Scottish Greens external affairs spokesperson, Ross Greer, said: “Amnesty are right to condemn Stirling University for this relationship and the failure of university management to respond to the concerns we had raised is just unacceptable.

“This is a brutal regime which bombs school buses and hospitals in Yemen whilst brutally executing its own citizens, including children. Stirling University may be getting a good payout from the King Abdullah Air Defence Academy, but its actions are morally bankrupt.

“Brutal regimes guilty of war crimes and human rights abuses should not be courted like this. Stirling University should instead listen to the Universities and Colleges Union and completely revaluate these arms-length partnerships.”

Into UP did not reply to our request for a comment.

The figures contained in Amnesty’s report also show that the number of executions doubled in Iraq last year – from at least 52 in 2018 to at least 100, largely due to executions of those accused of being members of the Islamic State armed group.

Iran was once again the world’s second most prolific executioner after China, where the exact number of people executed is kept secret.

Despite the numbers increasing in Saudi Arabia and Iraq, Amnesty’s report shows that the global trend is an overall decline in capital punishment. Worldwide execution numbers decreased for the fourth consecutive year – down five per cent to 657 from 2018’s figure of 690, making last year a ten-year low.

Court rules UK arms sales to Saudi Arabia unlawful

Announcing Amnesty’s new report, Clare Algar, its senior policy director, said: “Saudi Arabia’s growing use of the death penalty, including as a weapon against political dissidents, is an alarming development. Also shocking was the massive jump in executions in Iraq, which nearly doubled in just one year.
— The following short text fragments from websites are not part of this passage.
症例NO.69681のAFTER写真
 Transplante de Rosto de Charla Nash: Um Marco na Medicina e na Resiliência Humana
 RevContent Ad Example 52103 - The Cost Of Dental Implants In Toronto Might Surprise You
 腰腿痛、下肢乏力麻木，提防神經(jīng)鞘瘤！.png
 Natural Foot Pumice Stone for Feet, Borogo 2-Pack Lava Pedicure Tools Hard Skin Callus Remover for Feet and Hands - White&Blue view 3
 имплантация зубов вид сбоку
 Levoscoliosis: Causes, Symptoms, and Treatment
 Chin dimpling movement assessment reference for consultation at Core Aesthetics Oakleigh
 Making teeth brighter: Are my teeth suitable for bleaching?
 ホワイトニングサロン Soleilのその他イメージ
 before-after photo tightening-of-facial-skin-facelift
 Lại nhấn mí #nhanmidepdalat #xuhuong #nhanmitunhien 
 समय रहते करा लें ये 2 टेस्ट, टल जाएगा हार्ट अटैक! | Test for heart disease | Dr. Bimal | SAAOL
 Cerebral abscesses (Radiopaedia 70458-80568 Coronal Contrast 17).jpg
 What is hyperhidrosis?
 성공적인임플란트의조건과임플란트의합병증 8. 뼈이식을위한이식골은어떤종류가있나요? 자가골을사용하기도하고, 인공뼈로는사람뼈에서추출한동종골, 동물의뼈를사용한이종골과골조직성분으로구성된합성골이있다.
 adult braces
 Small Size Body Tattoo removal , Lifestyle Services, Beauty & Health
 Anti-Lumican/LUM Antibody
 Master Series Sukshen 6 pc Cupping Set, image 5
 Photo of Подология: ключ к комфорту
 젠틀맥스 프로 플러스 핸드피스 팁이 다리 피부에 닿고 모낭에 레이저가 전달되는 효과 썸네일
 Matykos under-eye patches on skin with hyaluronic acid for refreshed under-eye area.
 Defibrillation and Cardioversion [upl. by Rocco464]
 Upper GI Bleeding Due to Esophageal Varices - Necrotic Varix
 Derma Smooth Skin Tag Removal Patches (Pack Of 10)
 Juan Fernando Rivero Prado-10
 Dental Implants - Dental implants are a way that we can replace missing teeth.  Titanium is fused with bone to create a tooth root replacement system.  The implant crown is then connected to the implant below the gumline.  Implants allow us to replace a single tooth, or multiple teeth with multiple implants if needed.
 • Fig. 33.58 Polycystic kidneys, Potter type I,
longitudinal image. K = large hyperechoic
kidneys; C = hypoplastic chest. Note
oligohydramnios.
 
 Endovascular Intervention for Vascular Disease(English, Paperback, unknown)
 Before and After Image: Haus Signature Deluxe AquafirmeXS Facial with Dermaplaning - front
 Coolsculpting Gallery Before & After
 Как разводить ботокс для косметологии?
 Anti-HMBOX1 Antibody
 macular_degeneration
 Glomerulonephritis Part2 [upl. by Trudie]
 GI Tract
“In countries from Belarus to Botswana and Iran to Japan, executions were being carried out without any advance notice to the families, lawyers or in some cases the individuals themselves. The death penalty is an abhorrent and inhuman punishment, and there is no credible evidence that it deters crime more than prisons terms.

“We are calling on all states to abolish the death penalty. There needs to be international pressure on the world’s last remaining executioners to end this inhuman practice for good.”

The Ferret asked Stirling University under freedom of information law how much money the Saudi contract was worth. It responded by saying the that Into UP joint venture was “a separate organisation” from the university.

It added: “The financial information that the university receives from the Into joint venture is at the aggregated income and expenditure level, not individual transactional detail. Therefore the university does not hold information relating to the individual activity referred to in the article.”

The Ferret also asked if anyone at the university involved with the governance of Into Stirling LLP had raised concerns over the contract. The university said it did not hold this information.